**WHAT YOU SHOULD DO**
Copy word for word the line containing "at few places." together with all lines following it to the end of the listing below, without the pictures.

**MATERIAL PROVIDED**
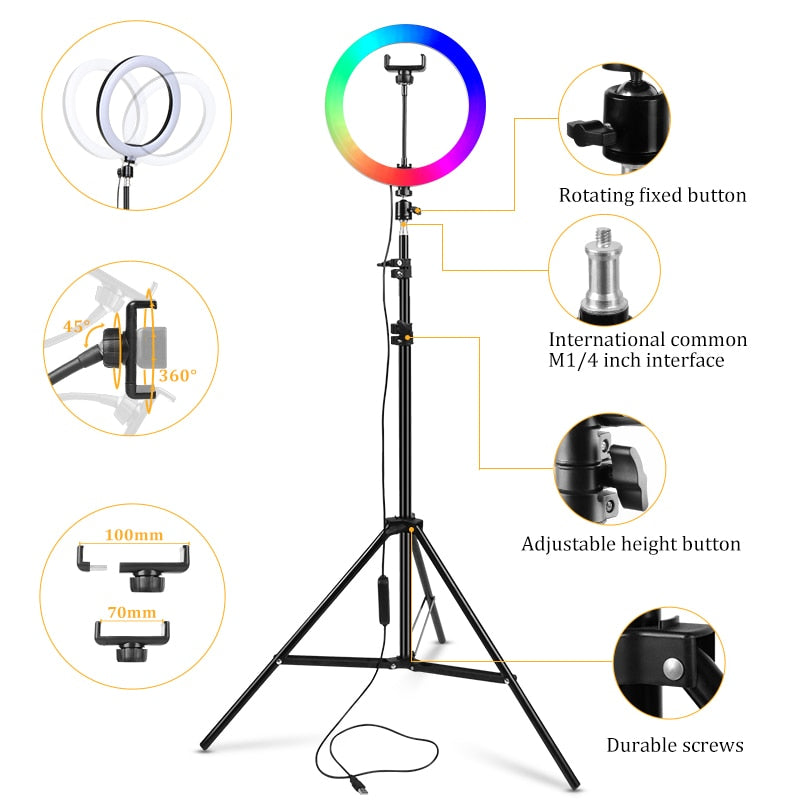 RGB Led Ring Light With Stand colorful Lighting 29 Colorlight,3 Normal Modes Dimmable Selfie 10inch Ring Light For Youtube Video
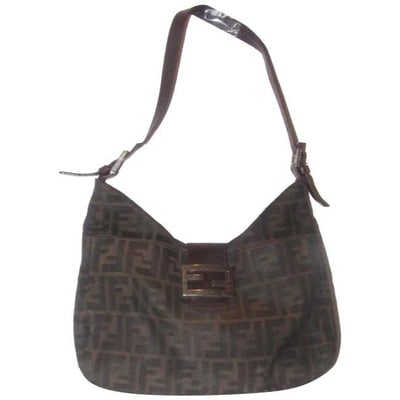 Fendi Hobo Style Tobacco Zucco Print Canvas And Leather Shoulder Bag: For sale is a Fendi, tobacco Zucco print or large F logo print canvas and brown leather, hobo style shoulder bag with multiple compartments, a 'V' shaped center, and chrome hardware! This unique take 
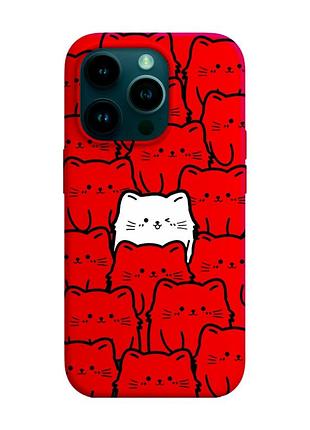 Матовий червоний чохол на apple iphone 14 pro котики (принт 392)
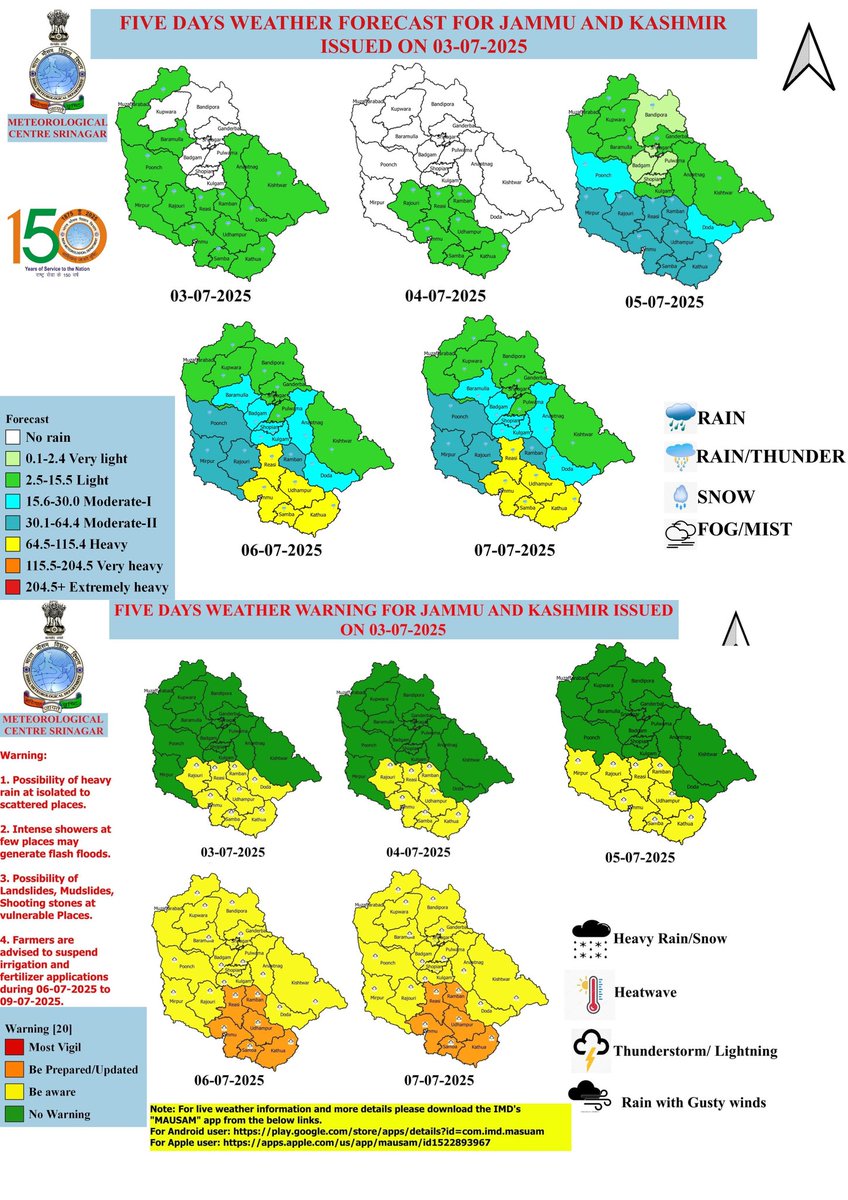 𝙒𝙚𝙖𝙩𝙝𝙚𝙧 𝙐𝙥𝙙𝙖𝙩𝙚 𝙅&amp;𝙆:3July
𝙁𝙤𝙧𝙚𝙘𝙖𝙨𝙩
●3-5 July:Hot &amp; humid weather with brief showers.
●6-8 July:Intermittent light to moderate Rain/thunder at many places with intense showers/heavy Rain at few places.
●9-10:Possibility of  Rain/shower at scattered places.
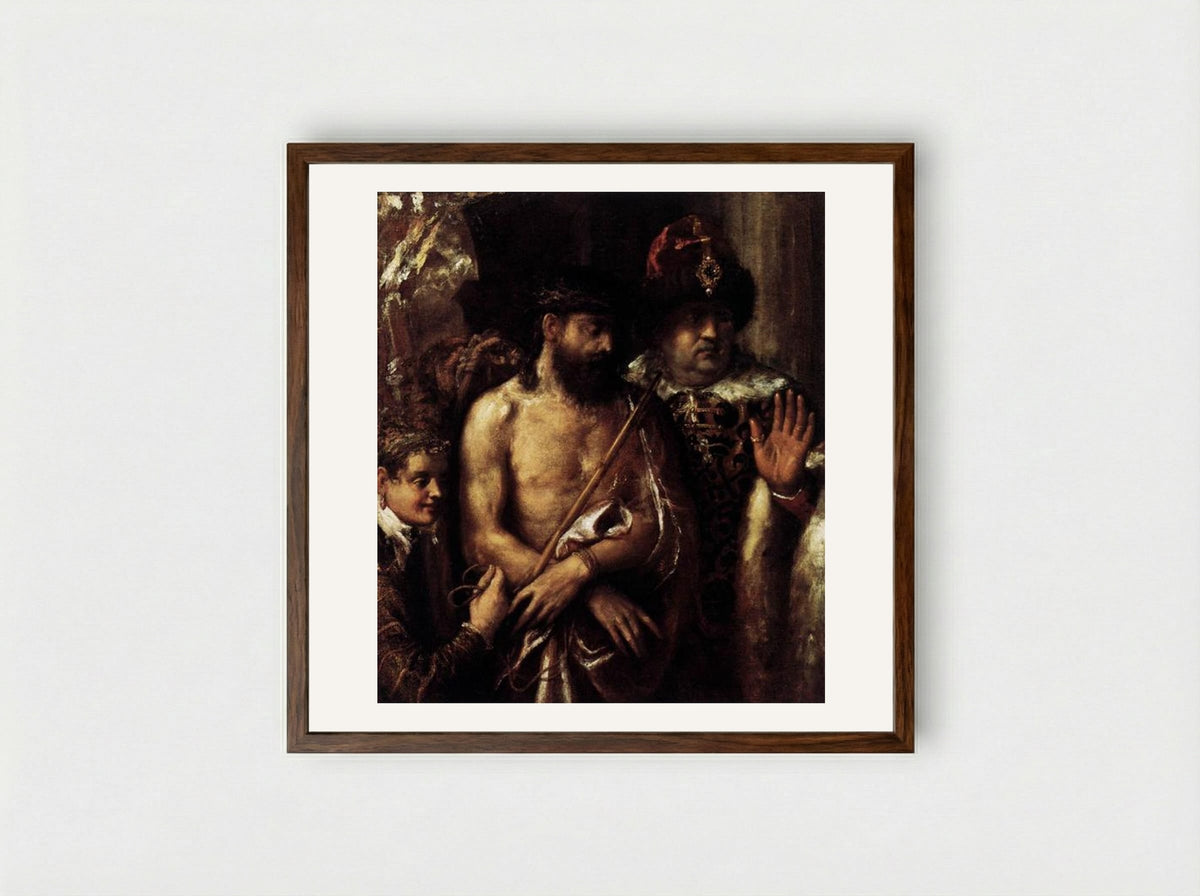 The Mocking of Christ - Titian - Framed Print Dark Wood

**SOLUTION**
●6-8 July:Intermittent light to moderate Rain/thunder at many places with intense showers/heavy Rain at few places.
●9-10:Possibility of  Rain/shower at scattered places.
 The Mocking of Christ - Titian - Framed Print Dark Wood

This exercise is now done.